Tuesday, February 9, 2016

Bernie and Thomas and Alex

Thomas Jefferson, that is, and Alexander Hamilton. (With whom I'm currently a bit obsessed, having seen Hamilton on Broadway this past weekend.)

Because, you see, I'm pretty sure Bernie Sanders would be on Team Jefferson. And... Team Jefferson is wrong. Thomas Jefferson was wrong, about, like, most things. Not everything: I like much of what he has to say about religion, and he was on the right side of the "is it okay to be an opposition party?" thing. Essentially everything he thought about the Constitution was wrong, though, as was his notion that America should be all rural and agrarian and stuff. Oh, and the whole "holding slaves" thing. True, he had relatively anti-slavery principles, but he also had lots and lots of slaves. His whole humble, man-of-the-people thing was basically a lie; he was an artistocrat. Hamilton was, as the first song from Hamilton so powerfully illustrates, the "bastard, orphan" who "gr[e]w up to be a hero and a scholar." Oh, and who opposed slavery. But no, he's the monarchist and the elitist, apparently.
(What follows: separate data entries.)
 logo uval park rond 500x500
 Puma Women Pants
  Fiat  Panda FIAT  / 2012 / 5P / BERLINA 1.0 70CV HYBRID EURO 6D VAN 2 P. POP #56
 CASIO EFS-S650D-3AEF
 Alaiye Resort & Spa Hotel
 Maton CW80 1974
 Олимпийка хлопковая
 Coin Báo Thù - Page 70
Now the point isn't that Sanders likes all of these things about Jefferson. He certainly disagrees with at least the slavery thing, and he's probably not a strict constructionist. But I'm sure he loves Jefferson's whole egalitarian shtick, despite its being basically a lie, and he probably has at least some sympathy for the rural/agrarian thing.

Oh, and then there's the Bank. The First Bank of the United States, championed by Hamilton and opposed by Jefferson. I'd be shocked if Sanders isn't on Jefferson's side there (on policy if not on the constitutional issue). Which... is bad. It also puts him in the company of Andrew Jackson, whom liberals have recently had the decency to recognize as a slave-owning, native-slaughtering, paranoid villain, not a populist hero.
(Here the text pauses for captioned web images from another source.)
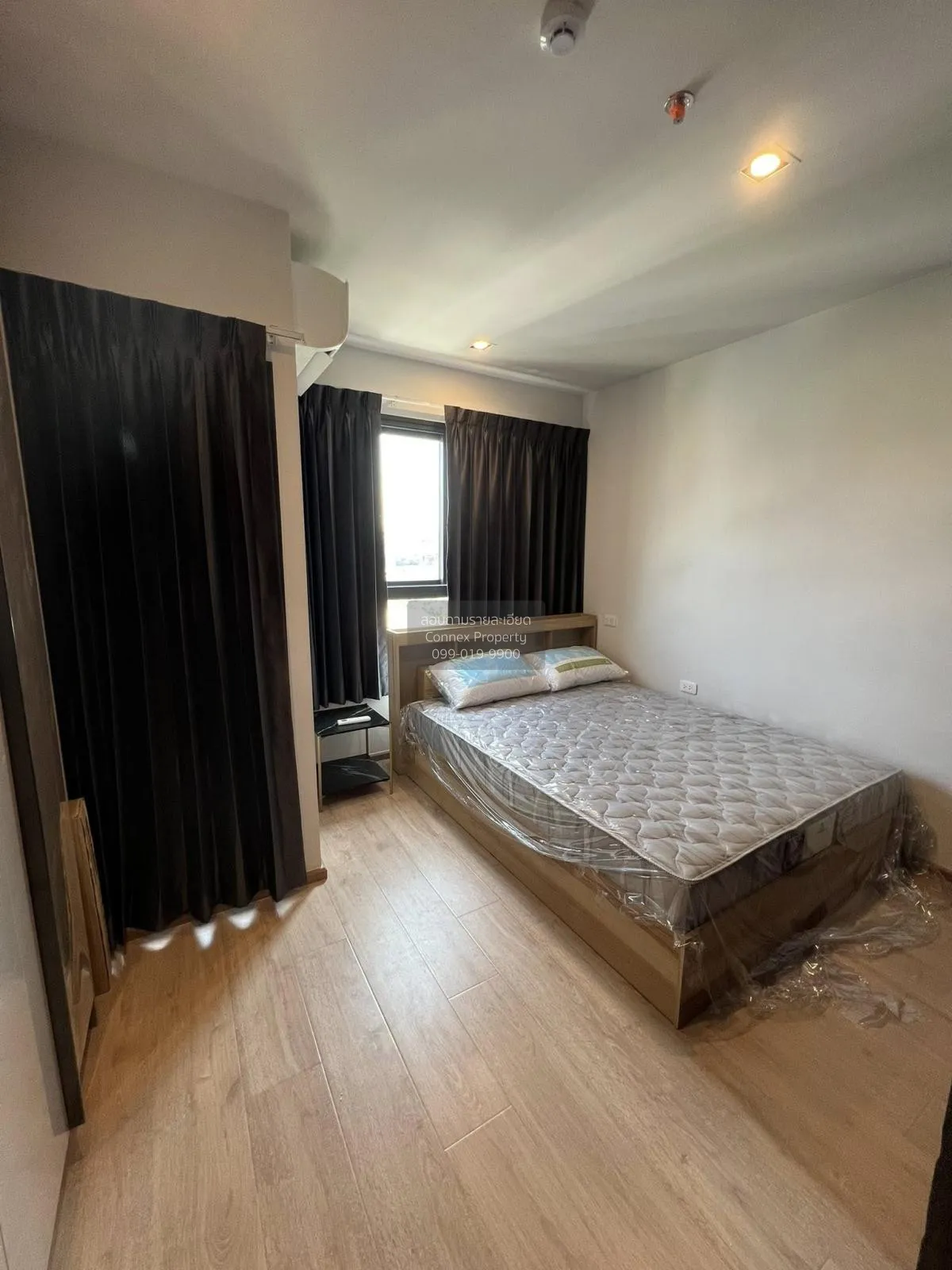 For Rent Condo , Ideo Rama 9-Asoke , MRT-Phra Ram 9 , Huai Khwang 4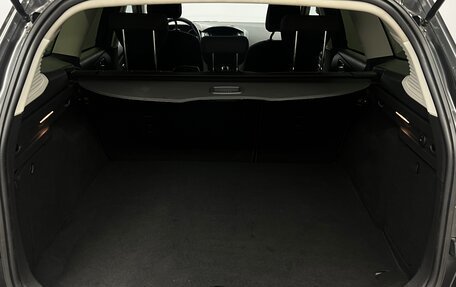 Ford Focus III, 2016 год, 1 065 000 рублей, 22 фотография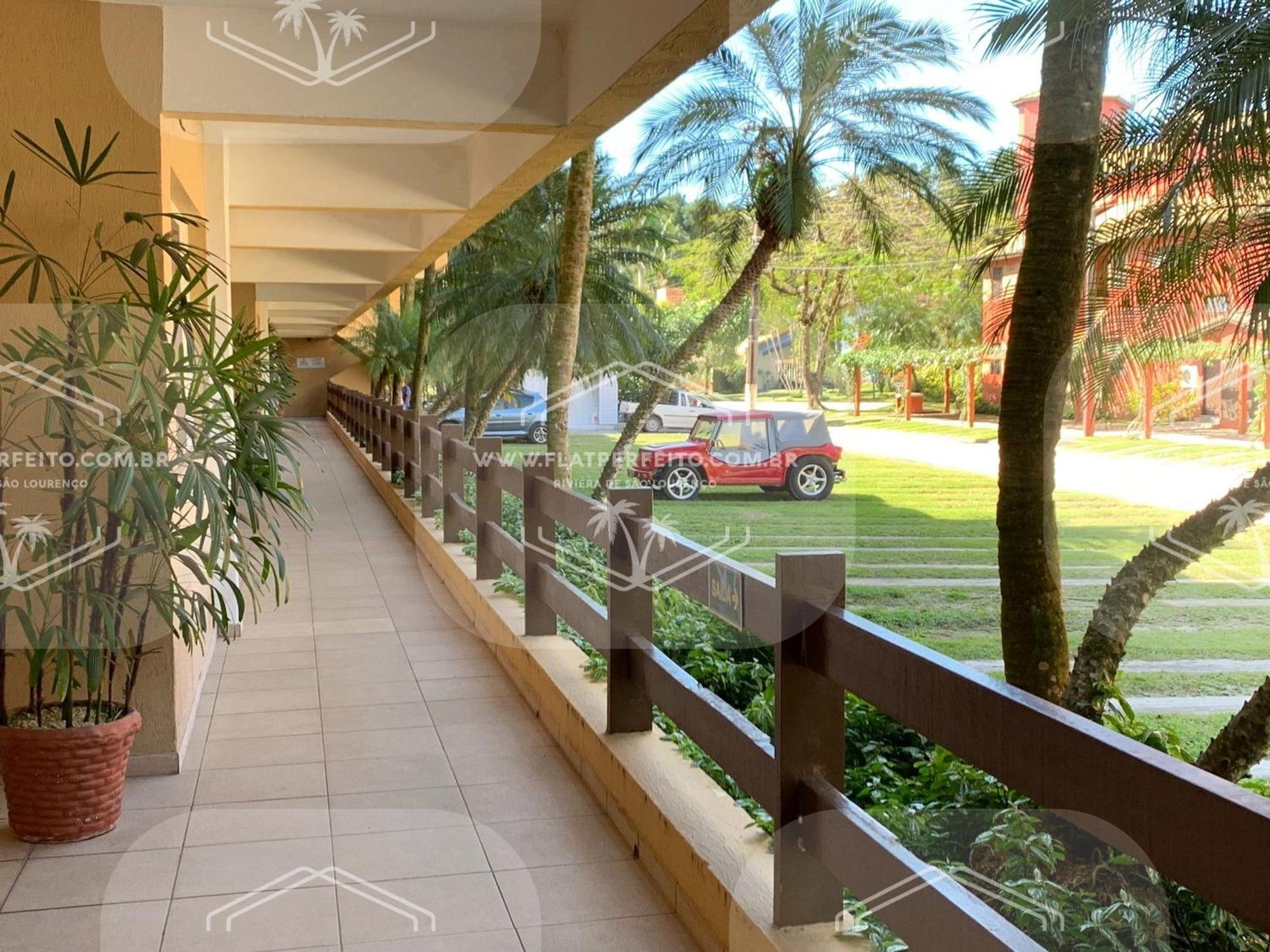 ריביירה דה סאו לורנסו Flat Perfeito Flat Amarilis Em Riviera Sao Lourenco Com Cafe Da Manha E Enxoval Completo Toalhas Praia E Piscina Com Trocas מראה חיצוני תמונה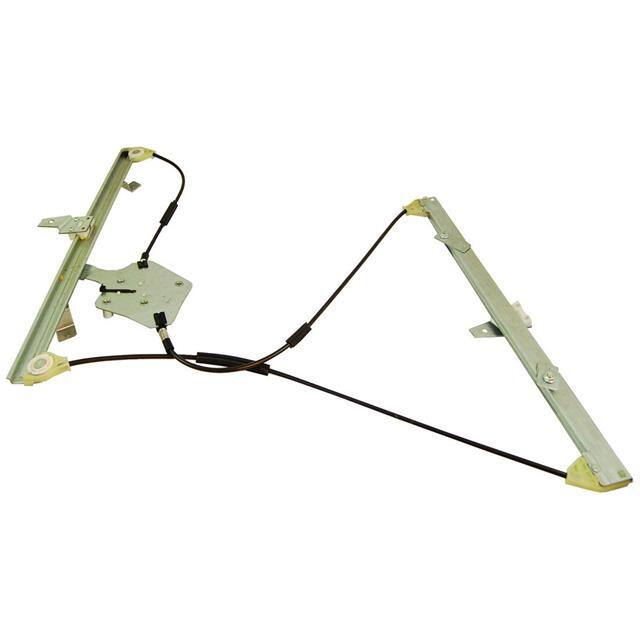 DP3210101206 WINDOW REGULATOR Interlight  Produits d'entretien et de personnalisation de véhicules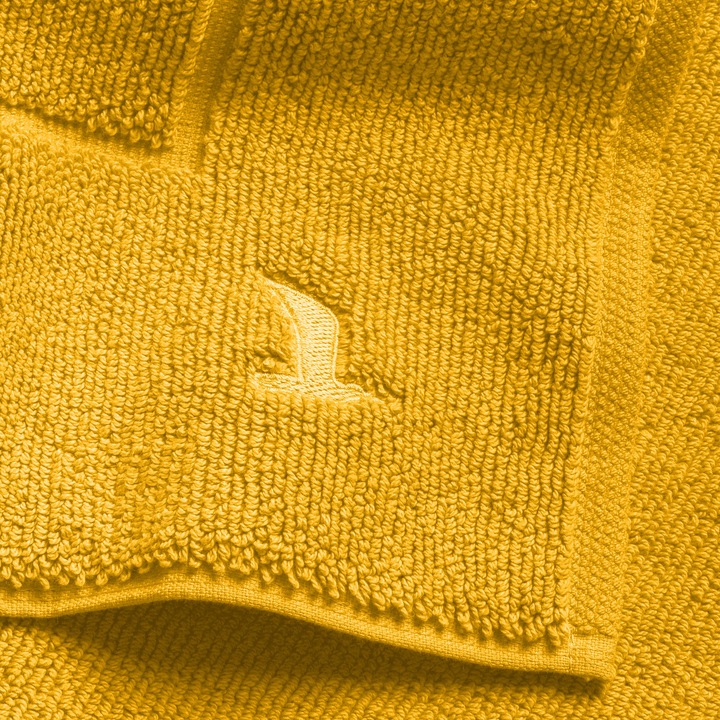Produktbild Möve Basic (60 x 60 cm)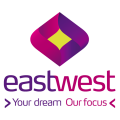 2 Eastwest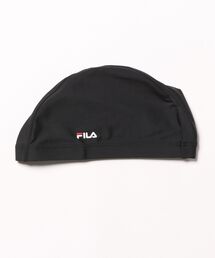 FILA(tB)́yFILAzyωff/2wayXgb`z |CgS XCLbv(XCObY)
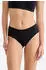 Sloggi Zero Feel Pure Hipster (10226717) black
And this actually ties into the thing that maybe bothers me the most about the prospect of Bernie Sanders becoming President: he's against the Wall Street bailout of 2008. Indeed, he doesn't even seem to know that the American taxpayer made money out of the bailout, because we got paid back more than we paid out in the first place. (Bernie keeps using the line that "America bailed out Wall St., now it's time for Wall St. to bail out America" in describing his proposed speculation tax.) And again, this is wrong. Really, really wrong. If Sanders had been President, and had vetoed the law (which he voted against in the Senate), we actually would've had another depression. It would've done enormous damage to the world economy. But, you know, it was a bailout, to the banks. The big banks at that. And banks are bad, especially the big ones--as Jefferson and Jackson knew.

I find this legitimately troubling. Either he's being disingenuous here or he really doesn't understand some things about how the economy works. And I really would worry that, if some similar sort of financial crisis came up, he might not be willing to do what had to be done to prevent collapse, even if it didn't really sit comfortably with his general ideology.

Now, perhaps the most favorable part of the Jefferson comparison is that when push came to shove, and Jefferson had an opportunity to radically change America's destiny forever, but he had to violate his constitutional principles in order to do so, he did it. That's the Louisiana Purchase of 1803, which a Jeffersonian strict constructionist would've thought unconstitutional. So maybe if push came to shove, Sanders would listen to the advice of mainstream economics and do what was necessary. But... maybe? He might actually not do that; at the very least I'd like for someone to interrogate him a bit more about this.

Until they do, his resemblance to Jefferson is a little bit troubling.